Wednesday, September 06, 2006

Time Keeps on Slipping

T-minus twelve days till I leave for Vienna.

I feel like I am living in a haunted house right now. I'm home, but everyone else is gone (including the dogs) and there are lots of unexplained noises. Basically, my life is like a bad episode of Scooby Doo (granted an improvement). Its sort of fun, and I get to think things like, "hmm If I died doing this it would probably be days before anyone noticed." Its sort of like when I pulled a rib muscle and thought that I was having a heart attack...for a whole month. Still though I don't fear death, because that would mean I wouldn't have to take the lsat.

So this is a fun entry. Upbeat, full of death, something for everybody. Fortunately, nobody reads these. Yeah so death, lets run with that theme. I don't really mind it in my case. If I were dead I certainly wouldn't have to do anything about it, I mean decay sure, but that's pretty easy. Mike might end up dissecting me for his anatomy class and my fat might leak out, which would be awkward.

I still fondly recall (read: am haunted by) a dinner conversation I was a passively party to when I was ten. It was at a restaurant with my grandparents and some friends of theirs and they were all talking about friends of theirs who died well, this must have gone on for at least half an hour. That was awkward, but it gets creepier each year as only three of those people are still alive. And on that note, good night.


Anty In said...

DUDE! If you die, donate your skeleton to me, so I can take it to Christmas parties and dress it up in tinsel.

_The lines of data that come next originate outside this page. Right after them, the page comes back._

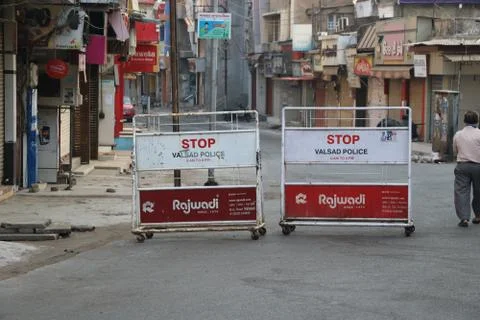 Image of road barrier Stock Photos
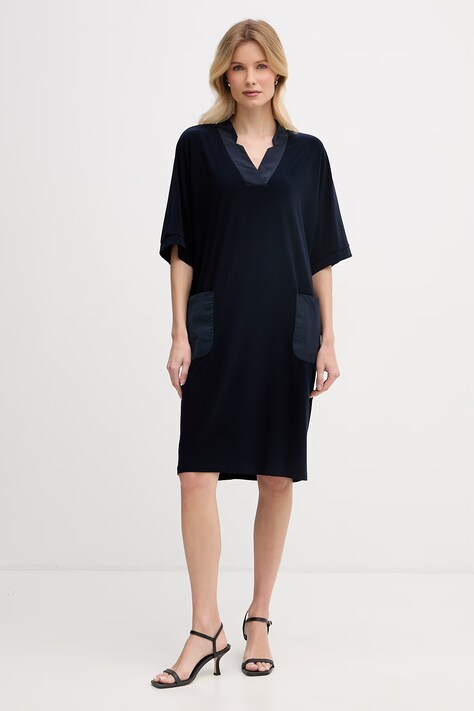 Joseph Ribkoff sukienka letnia granatowa gładka 261010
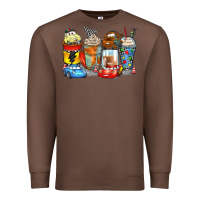 Chestnut cartoon characters coffee cups Premium Sweatshirt - Zillion Design Studio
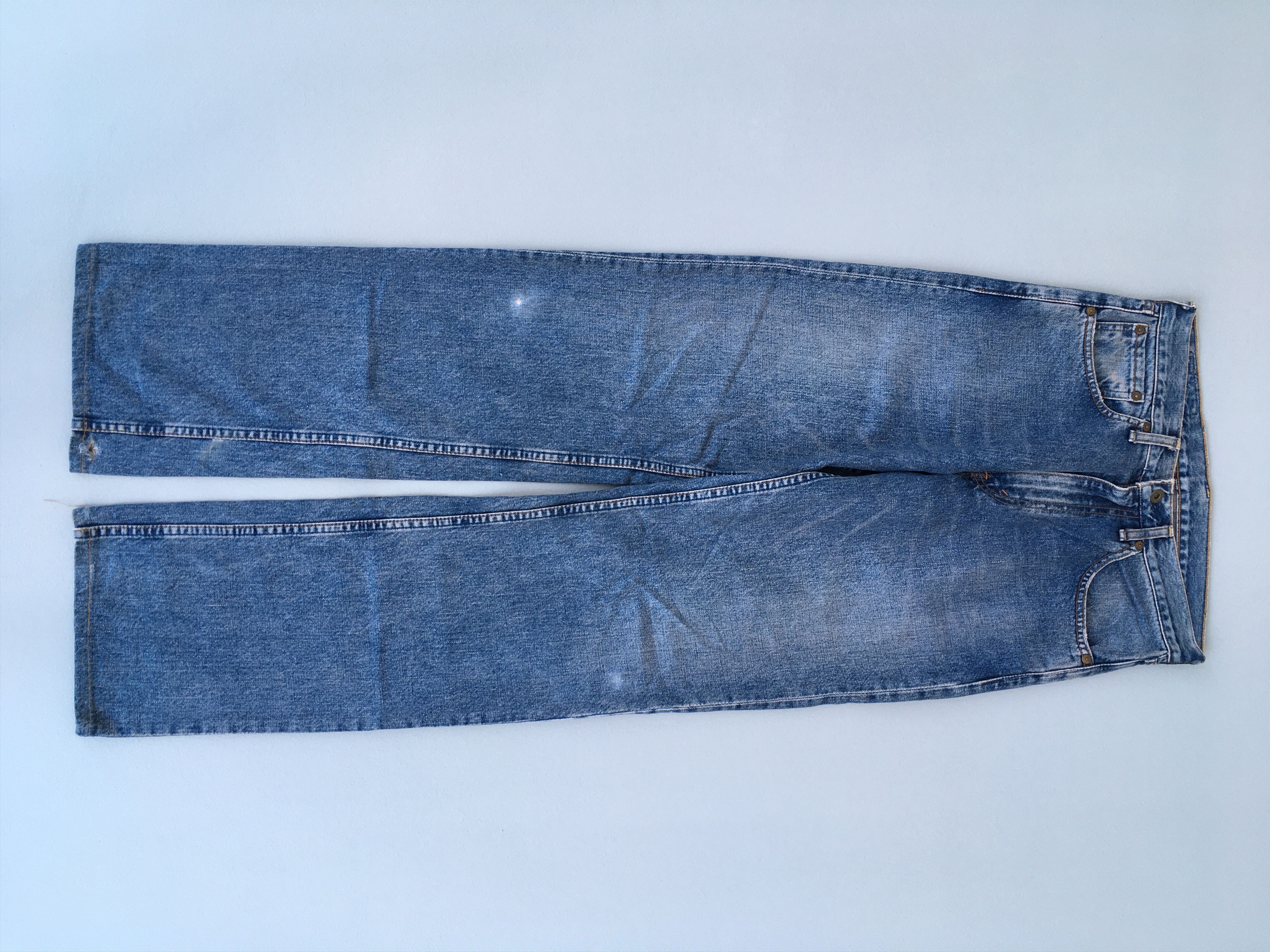 image of Size 30X35 Vintage Levis 504 Japan Light Washed Jeans in Faded Blue, Men's
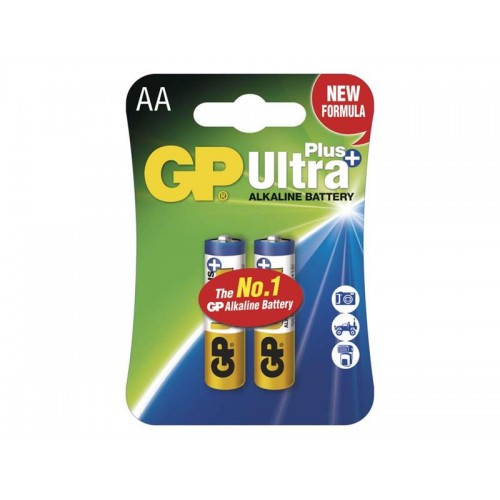 AA (R6) šarminė baterija GP Ultra Plus 2 vnt-Šarminės baterijos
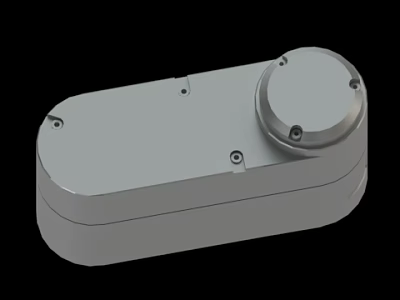 Metal Electronic Enclosure With Screws Circular Component And Smooth Surface 3d model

Actually, scratch that. It would be no fun if it was just me and your skeleton. I can't be expected to make all sorts of humorous and witty comments and scenes by myself after all--I know I'm clever, but I'm not THAT clever!

No, no, you'll just have to go on living so's I still have a foil for comedic moments at parties and the like.

And if I've learned anything from Scooby Doo, if a monster suddenly appears behind you bent on killing you, simply don drag or some other appropriate costume, along with a matching outrageous accent, preferiably French. No only does this confuse the monster, thereby give you a chance to escape, but the thought of you in drag makes me giggle in a way most evil, and brightens my day in the process.

All in all, a win-win for both of us!

Modessa Jacobs said...

Dude, Ian, keep in touch at some point. I don't know that I'll have that many exciting stories from Harvard- my life is basically class, gym, eating, library but I would love to know what you're up to...if you can squeeze me in. I hope that you're doing really well.